In this post, we’ll explore some basic properties of discrete time Markov chains using the functions provided by the markovchain package supplemented with standard R functions and a few functions from other contributed packages. “Chapter 11”, of Snell’s online probability book will be our guide. The calculations displayed here illustrate some of the theory developed in this document. In the text below, section numbers refer to this document.

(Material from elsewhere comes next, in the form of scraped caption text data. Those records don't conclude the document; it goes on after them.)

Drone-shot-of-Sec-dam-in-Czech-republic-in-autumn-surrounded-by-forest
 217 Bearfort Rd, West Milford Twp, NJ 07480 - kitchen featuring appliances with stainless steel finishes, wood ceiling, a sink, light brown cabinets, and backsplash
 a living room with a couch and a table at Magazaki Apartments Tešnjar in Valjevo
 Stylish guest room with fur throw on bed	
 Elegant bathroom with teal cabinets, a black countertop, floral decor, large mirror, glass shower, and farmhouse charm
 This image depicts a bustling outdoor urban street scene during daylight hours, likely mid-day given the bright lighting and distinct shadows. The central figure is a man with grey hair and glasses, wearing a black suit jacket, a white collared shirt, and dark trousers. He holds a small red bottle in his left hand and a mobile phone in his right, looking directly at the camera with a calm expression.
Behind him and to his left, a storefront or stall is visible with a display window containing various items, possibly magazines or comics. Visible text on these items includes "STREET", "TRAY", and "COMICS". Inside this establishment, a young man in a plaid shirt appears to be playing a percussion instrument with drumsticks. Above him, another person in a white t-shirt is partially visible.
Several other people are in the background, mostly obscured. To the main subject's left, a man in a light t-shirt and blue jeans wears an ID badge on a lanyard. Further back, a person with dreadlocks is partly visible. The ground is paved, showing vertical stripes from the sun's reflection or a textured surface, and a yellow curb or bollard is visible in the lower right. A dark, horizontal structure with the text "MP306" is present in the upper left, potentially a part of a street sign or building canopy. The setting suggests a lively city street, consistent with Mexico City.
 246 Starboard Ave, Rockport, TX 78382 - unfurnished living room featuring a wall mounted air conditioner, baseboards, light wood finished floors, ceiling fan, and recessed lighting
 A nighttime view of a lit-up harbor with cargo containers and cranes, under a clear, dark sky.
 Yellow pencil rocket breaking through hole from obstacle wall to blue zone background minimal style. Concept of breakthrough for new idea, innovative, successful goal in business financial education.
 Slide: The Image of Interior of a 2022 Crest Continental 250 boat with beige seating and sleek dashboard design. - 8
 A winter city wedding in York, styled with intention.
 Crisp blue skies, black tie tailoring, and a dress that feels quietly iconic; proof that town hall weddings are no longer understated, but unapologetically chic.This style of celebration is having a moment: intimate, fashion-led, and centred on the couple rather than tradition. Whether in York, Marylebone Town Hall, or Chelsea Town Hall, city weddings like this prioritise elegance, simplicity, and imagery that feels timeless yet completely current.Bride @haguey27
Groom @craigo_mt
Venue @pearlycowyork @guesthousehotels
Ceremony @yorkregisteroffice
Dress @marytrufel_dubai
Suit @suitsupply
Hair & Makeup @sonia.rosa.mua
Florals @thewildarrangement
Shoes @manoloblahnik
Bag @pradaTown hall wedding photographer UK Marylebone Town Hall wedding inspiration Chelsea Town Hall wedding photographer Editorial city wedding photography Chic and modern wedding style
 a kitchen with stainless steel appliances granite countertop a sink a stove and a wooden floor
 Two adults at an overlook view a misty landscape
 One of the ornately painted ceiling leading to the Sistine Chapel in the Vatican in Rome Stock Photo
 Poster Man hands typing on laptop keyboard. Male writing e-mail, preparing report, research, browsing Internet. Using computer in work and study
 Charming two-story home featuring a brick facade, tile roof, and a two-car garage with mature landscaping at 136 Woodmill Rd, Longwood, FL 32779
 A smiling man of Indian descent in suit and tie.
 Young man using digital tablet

A large part of working with discrete time Markov chains involves manipulating the matrix of transition probabilities associated with the chain. This first section of code replicates the Oz transition probability matrix from section 11.1 and uses the plotmat() function from the diagram package to illustrate it. Then, the efficient operator %^% from the expm package is used to raise the Oz matrix to the third power. Finally, left matrix multiplication of OZ^3 by the distribution vector u = (1/3, 1/3, 1/3) gives the weather forecast three days ahead.

library(expm)

library(markovchain)

library(diagram)

library(pracma)

stateNames <- c("Rain","Nice","Snow")

Oz <- matrix(c(.5,.25,.25,.5,0,.5,.25,.25,.5),

nrow=3, byrow=TRUE)

row.names(Oz) <- stateNames; colnames(Oz) <- stateNames

Oz

# Rain Nice Snow

# Rain 0.50 0.25 0.25

# Nice 0.50 0.00 0.50

# Snow 0.25 0.25 0.50

plotmat(Oz,pos = c(1,2),

lwd = 1, box.lwd = 2,

cex.txt = 0.8,

box.size = 0.1,

box.type = “circle”,

box.prop = 0.5,

box.col = “light yellow”,

arr.length=.1,

arr.width=.1,

self.cex = .4,

self.shifty = -.01,

self.shiftx = .13,

main = “”)

Oz3 <- Oz %^% 3

round(Oz3,3)

# Rain Nice Snow

# Rain 0.406 0.203 0.391

# Nice 0.406 0.188 0.406

# Snow 0.391 0.203 0.406

u <- c(1/3, 1/3, 1/3)

round(u %*% Oz3,3)

#0.401 0.198 0.401

The igraph package can also be used to Markov chain diagrams, but I prefer the “drawn on a chalkboard” look of plotmat.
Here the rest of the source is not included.